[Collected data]
━━━━━━━━
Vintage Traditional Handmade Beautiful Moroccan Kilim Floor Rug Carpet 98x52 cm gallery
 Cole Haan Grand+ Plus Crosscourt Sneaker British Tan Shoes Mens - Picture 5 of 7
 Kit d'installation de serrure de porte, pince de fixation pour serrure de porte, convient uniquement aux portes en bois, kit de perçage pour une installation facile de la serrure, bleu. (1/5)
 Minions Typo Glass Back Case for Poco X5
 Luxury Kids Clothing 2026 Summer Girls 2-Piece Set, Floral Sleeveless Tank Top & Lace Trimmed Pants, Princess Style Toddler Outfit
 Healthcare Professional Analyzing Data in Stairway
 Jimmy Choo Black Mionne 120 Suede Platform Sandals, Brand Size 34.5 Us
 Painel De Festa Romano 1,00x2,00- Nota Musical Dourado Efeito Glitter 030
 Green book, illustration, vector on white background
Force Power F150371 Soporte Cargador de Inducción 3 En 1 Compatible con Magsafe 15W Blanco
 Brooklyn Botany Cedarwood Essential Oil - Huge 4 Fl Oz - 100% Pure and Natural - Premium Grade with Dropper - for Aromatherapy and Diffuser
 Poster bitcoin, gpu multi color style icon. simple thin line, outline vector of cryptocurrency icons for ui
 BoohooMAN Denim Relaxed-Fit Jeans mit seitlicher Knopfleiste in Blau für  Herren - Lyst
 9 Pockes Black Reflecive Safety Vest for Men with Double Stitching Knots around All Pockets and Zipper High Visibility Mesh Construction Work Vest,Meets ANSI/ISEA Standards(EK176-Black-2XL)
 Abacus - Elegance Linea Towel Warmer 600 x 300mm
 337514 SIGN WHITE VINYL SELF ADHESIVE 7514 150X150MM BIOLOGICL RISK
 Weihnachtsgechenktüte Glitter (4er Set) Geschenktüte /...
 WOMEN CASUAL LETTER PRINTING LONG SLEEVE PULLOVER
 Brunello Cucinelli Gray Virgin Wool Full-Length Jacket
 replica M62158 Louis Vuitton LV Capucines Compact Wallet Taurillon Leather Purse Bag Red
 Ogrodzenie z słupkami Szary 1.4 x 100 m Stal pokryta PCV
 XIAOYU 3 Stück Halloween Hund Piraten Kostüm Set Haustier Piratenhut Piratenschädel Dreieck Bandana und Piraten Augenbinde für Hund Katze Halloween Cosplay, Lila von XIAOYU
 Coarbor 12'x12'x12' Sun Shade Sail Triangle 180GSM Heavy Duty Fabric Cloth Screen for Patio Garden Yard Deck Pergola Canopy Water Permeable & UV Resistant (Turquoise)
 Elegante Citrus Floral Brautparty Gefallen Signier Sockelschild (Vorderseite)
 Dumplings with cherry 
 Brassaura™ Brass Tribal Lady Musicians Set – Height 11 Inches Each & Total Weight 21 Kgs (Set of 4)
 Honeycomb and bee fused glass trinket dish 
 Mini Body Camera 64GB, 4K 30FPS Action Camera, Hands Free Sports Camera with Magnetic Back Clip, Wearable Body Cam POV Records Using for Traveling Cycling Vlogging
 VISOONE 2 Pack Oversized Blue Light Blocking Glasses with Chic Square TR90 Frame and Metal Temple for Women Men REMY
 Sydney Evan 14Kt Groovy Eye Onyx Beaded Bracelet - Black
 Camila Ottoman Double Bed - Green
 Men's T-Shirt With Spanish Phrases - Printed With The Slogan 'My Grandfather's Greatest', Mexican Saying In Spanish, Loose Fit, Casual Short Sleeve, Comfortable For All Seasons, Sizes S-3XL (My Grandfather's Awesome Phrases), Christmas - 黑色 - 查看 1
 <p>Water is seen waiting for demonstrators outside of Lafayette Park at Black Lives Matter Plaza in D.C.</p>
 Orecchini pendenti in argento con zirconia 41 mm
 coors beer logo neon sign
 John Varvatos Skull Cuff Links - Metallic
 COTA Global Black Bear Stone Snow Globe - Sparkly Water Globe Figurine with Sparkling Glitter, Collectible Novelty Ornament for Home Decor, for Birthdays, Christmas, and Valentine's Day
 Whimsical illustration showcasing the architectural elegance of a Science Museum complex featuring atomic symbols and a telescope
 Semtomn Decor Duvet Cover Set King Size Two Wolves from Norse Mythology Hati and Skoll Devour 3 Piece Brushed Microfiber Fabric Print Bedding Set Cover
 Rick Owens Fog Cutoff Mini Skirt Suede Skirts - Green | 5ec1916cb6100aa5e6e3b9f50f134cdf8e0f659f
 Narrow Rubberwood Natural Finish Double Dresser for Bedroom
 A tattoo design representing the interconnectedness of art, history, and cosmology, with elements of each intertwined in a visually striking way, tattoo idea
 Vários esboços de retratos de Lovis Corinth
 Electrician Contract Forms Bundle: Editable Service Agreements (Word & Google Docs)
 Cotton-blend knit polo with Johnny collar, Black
━━━━━━━━
**Your task**
Which lines of the data contain the word "Suede"? Copy each one.

**Answer to the exercise**
 Jimmy Choo Black Mionne 120 Suede Platform Sandals, Brand Size 34.5 Us
 Rick Owens Fog Cutoff Mini Skirt Suede Skirts - Green | 5ec1916cb6100aa5e6e3b9f50f134cdf8e0f659f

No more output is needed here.